A mathematical model of \textit{Culex} population abundance and the impact of vector control interventions in a patchy environment
Suman Bhowmick, Patrick Irwin, Kristina Lopez, Megan Lindsay Fritz, Rebecca Lee Smith
TL;DR
This study develops a temperature-driven, multi-patch ODE model of Culex population dynamics that explicitly incorporates inter-patch dispersal and vector-control interventions in Cook County, Illinois. By coupling a four-stage life cycle (E, L, P, A) with a dispersal network and weather forcing, the authors quantify how spatial connectivity alters intervention efficacy and persistence thresholds via the Basic Offspring Number $R_0$ and its patch-specific counterparts $R_{0_i}$. The work shows that ignoring dispersal can overestimate control impact, while coordinated, early-season ULV spraying together with larvicide can synergistically reduce abundance and suppress $R_0$ more effectively across patches. These findings provide a practical, weather-informed framework to optimize spatially targeted vector-control strategies and mitigate disease risk in patchy urban landscapes. The framework is validated with 2018 trap data and can be extended to more patches, stochastic events, and health outcomes in future work, enabling adaptive, data-driven abatement planning.
Abstract
Recent mosquito-borne outbreaks have revealed vulnerabilities in our abatement programmes, raising concerns about how abatement-districts should choose optimal future control strategies. Spatial dissemination of vector-borne disease is strongly shaped by the movement of both hosts and mosquitoes, creating substantial overlap between vector activity and pathogen spread.

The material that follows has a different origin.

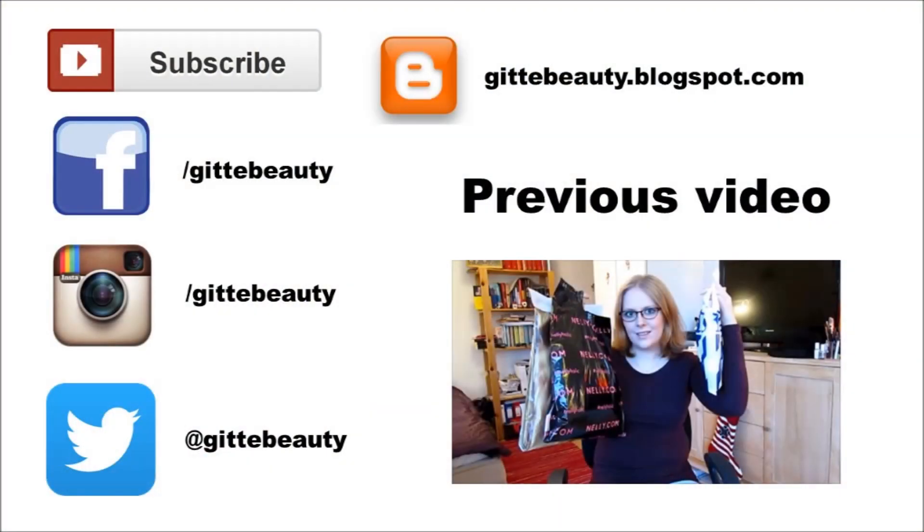I hope you enjoyed this tutorial! Remember to subscribe, comment, and like this video, and follow me on Facebook, Instagram, Twitter, and on my blog. I'll see you in my next video — take care guys, bye bye!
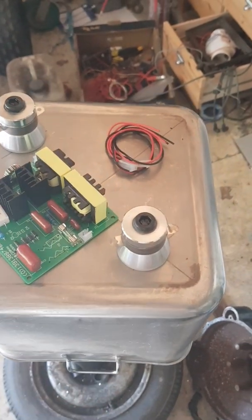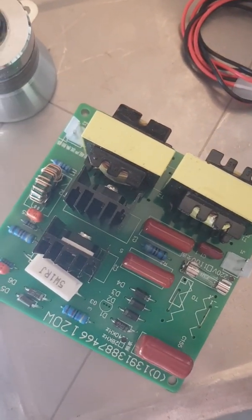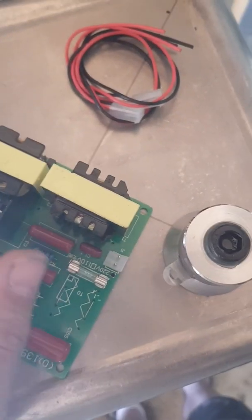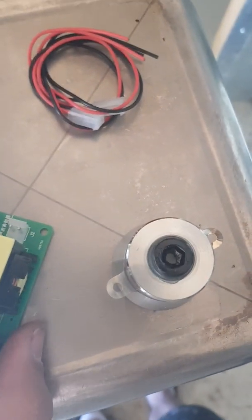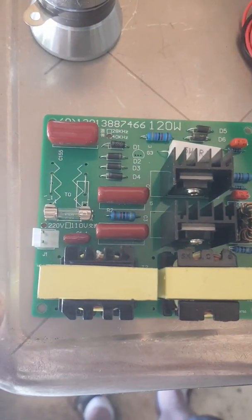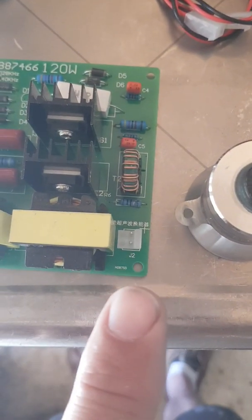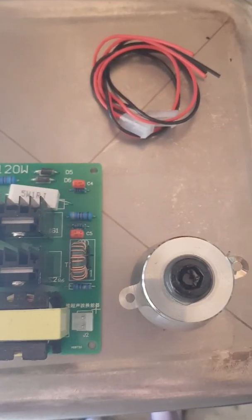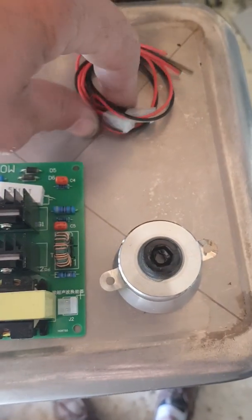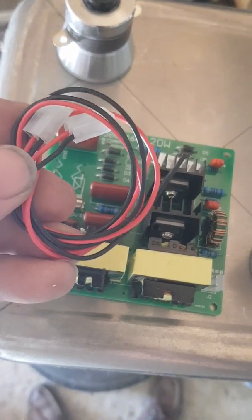Funny thing is I bought this with two transducers, but if you look at the circuit board there's only one outlet for the transducers, which means I have to split the wires. This is not really super quality, but it doesn't matter because it was dirt cheap. It's 220 volt — because that's what we have in Norway — and the outlet for the transducers is right there.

We developed a mathematical model for Culex mosquito dynamics in a patchy landscape, integrating entomological observations, weather-driven factors, and the vector control practices of the Northwest Mosquito Abatement District (NWMAD) in Cook County, Illinois. By coupling a temperature-driven multi-patch ODE model with NWMAD's adulticide and larvicide interventions, we investigated how spatial heterogeneity and control timing influence mosquito abundance. We also evaluated how mosquito dispersal modifies intervention effectiveness by comparing single-patch and two-patch model outcomes. Our results showed that models ignoring spatial connectivity can substantially overestimate the impact of interventions or misidentify the thresholds of vector persistence. Through numerical simulations, we analysed continuous and pulsatile control approaches under varying spatial and temporal configurations. These findings provide insight into optimal strategies for managing Culex populations and mitigating mosquito-borne disease risk in weather-driven, spatially connected environments across Cook County, Illinois.